Feeding the stream into our program, we were able to confirm that the model was good enough to recognise people in ideal conditions. We also identified the need to be able to easily annotate regions of what the webcam was capturing in order to define the pavement and crossing areas.
It also confirmed our assumption that we would need a dual-camera setup — one on either side of the road, as one camera’s field of view wasn’t quite wide enough to cover the entire length of the crossing.
Implementation
We were able to glue together bits from the following libraries in order to achieve what we needed for the person detection pipeline:
- OpenCV provided the video capture from the webcam as a stream of images. It also had handy drawing facilities for configuring the coordinates of the crossings and pavements
- Shapely, a geometry library provided the collision detection functions (i.e. checking whether the crossing or pavement regions intersects with the feet of the person)
- ReactiveX provided stream primitives in order to filter and coordinate events coming from our webcam streams
In the case of one webcam, we can allocate a pool of threads to consume off a queue of images that the webcam was producing, (i.e. a one producer and N consumer problem). With multiple (two) streams, coordinating them such that only the most up to date collision from each stream was used was less trivial. This was where ReactiveX’s stream operators helped greatly; the CombineLatest operator ensured that the observer (our LED controller) would always have the most up-to-date pairs of events from the streams to work with.
Demo-ing
On Thursday afternoon, we began to set up the stage at Somerset House, where we would hold a mini exhibition to associated press, the members of Makerversity and our sponsors. We were also nervously waiting to see if the second webcam would arrive in time, before eventually managing to pick one up in Argos, of all places.
On the day of the final demo, we made sure that both the webcams were calibrated so that there was an overlap in the middle of the crossing to ensure that there were no blindspots.

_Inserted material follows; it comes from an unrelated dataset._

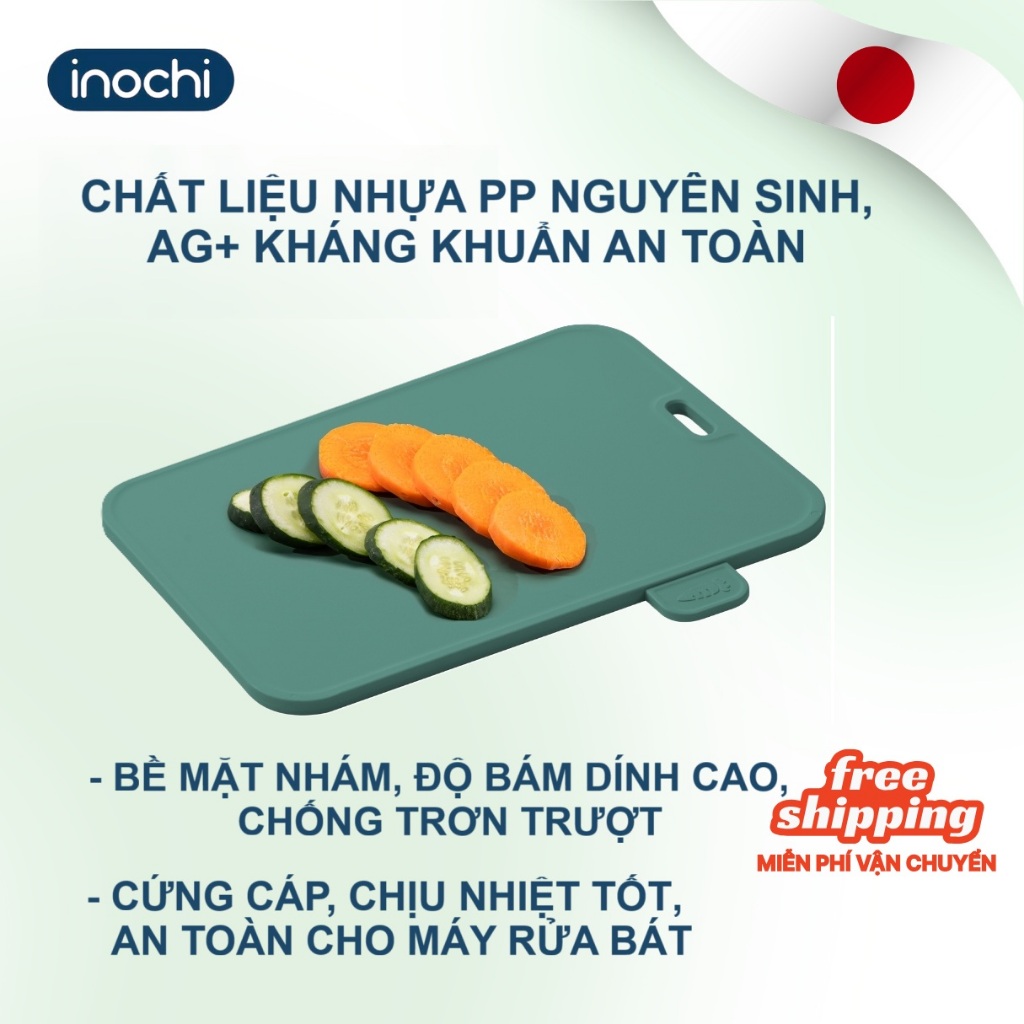 BỘ 2 THỚT nhựa kháng khuẩn YOKO Inochi dễ vệ sinh lau chùi, đa dạng màu sắc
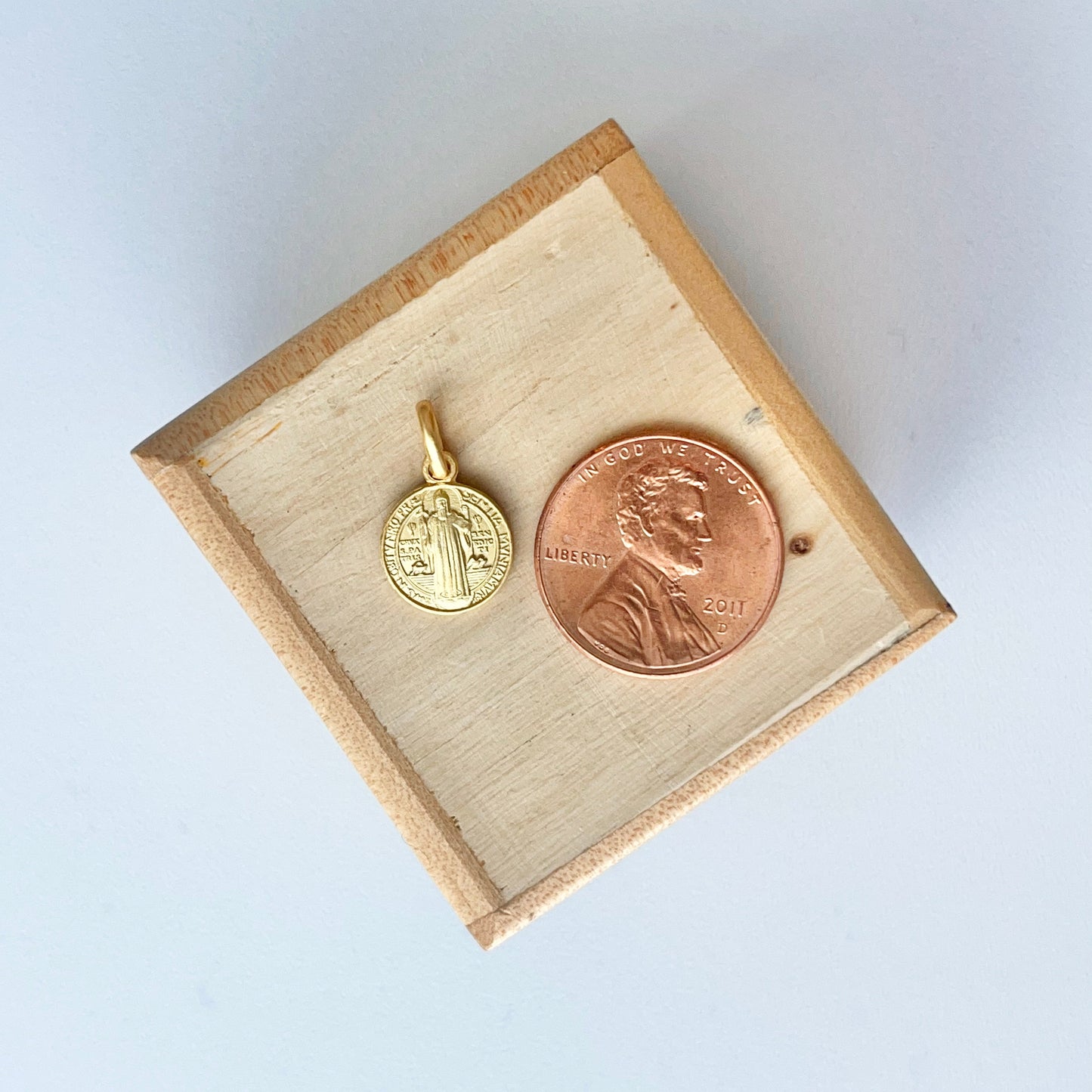 18KT Yellow Gold St Benedict Matte Medal Pendant Charm 10mm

The exhibition went smoothly; one testament to the object detection’s robustness was that someone had to stand on the crossing while the interviews were taking place to avoid the flashing amber lights from disturbing the video recording. It was one of those rare occasions where a human cardboard cutout would have really come in handy.
Concluding Thoughts
Leveraging the libraries of Python’s thriving hardware and machine learning ecosystem, we were able to get a prototype up and running in a constrained period of time. We did have some ideas for future improvements:
- Setting up some test infrastructure to codify how our observable pipeline reacts to streams of images
- Introducing a ‘decay’ factor, so that whenever someone stepped off the crossing, it would go to flashing amber instead transitioning straight to being in the unoccupied state
- Making the object detection more sophisticated, e.g. filter for other obstructions such as pets on the crossing, and training the model on objects that are likely to come up around crossings
Nonetheless, it had been an encouraging result given our time limitations, and had generated many ideas for future products and research.
Resources
A summary of the main libraries and frameworks used:
- OpenCV— Python bindings for OpenCV
- Shapely — Geometry library for collisions in Cartesian space
- TensorFlow— Numerical computation library
- ReactiveX — API for asynchronous programming using observable streams
Even though it wasn’t used in the final program, Jupyter also deserves a mention as our go-to tool for literate Python development.